§ Problem statement
For the data below, transcribe the part that opens with the line containing "Ford Taunus 12M" and closes with the line containing "Geladeira Brastemp", exactly and with no pictures.

(Records for the task begins)

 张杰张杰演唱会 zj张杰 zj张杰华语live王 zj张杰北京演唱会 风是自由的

(Records for the task ends)
(Records for the task begins)

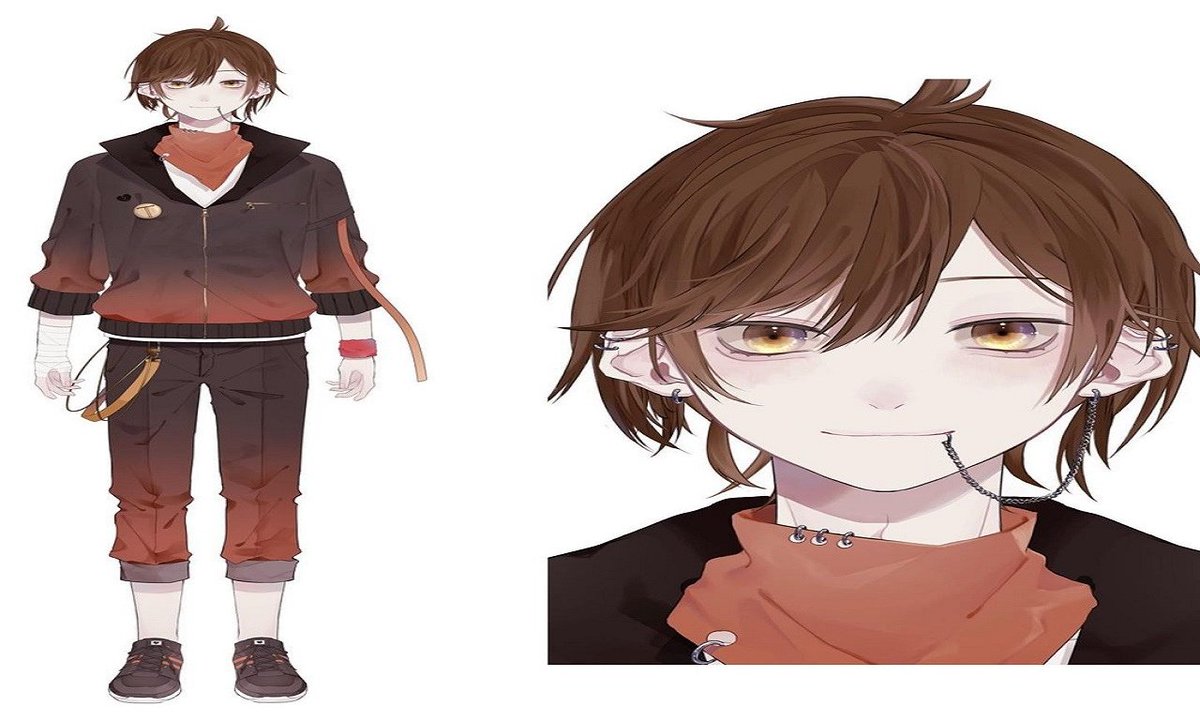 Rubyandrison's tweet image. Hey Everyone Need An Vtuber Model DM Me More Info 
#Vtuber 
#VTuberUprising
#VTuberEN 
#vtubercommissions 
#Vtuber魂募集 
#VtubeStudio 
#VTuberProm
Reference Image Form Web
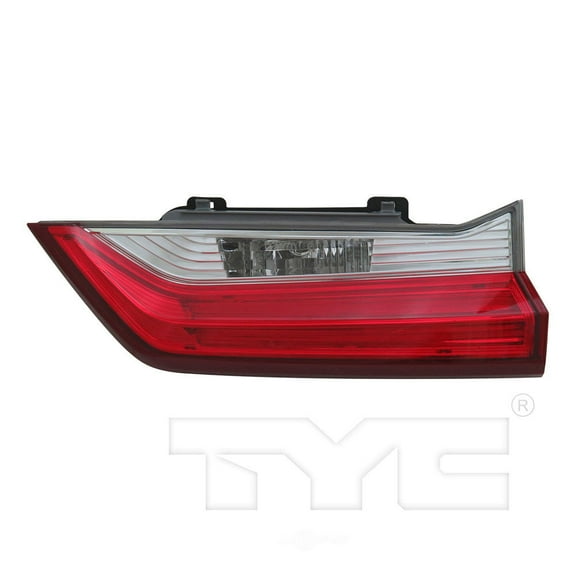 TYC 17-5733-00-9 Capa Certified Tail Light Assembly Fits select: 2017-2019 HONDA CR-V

(Records for the task ends)
(Records for the task begins)

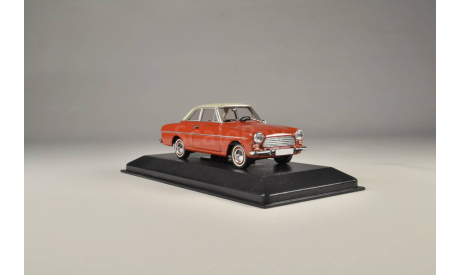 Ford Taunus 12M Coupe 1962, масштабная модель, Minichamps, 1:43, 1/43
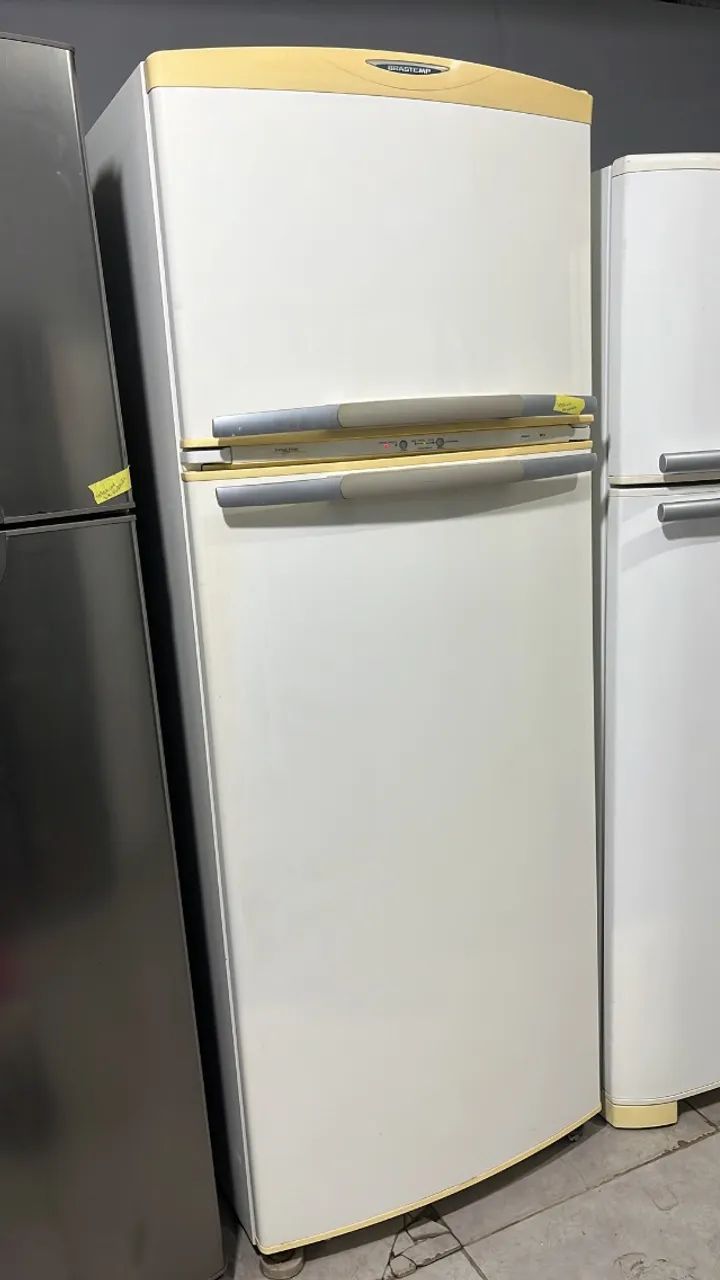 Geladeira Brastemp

(Records for the task ends)

§ Solution for this exercise
 Ford Taunus 12M Coupe 1962, масштабная модель, Minichamps, 1:43, 1/43
 Geladeira Brastemp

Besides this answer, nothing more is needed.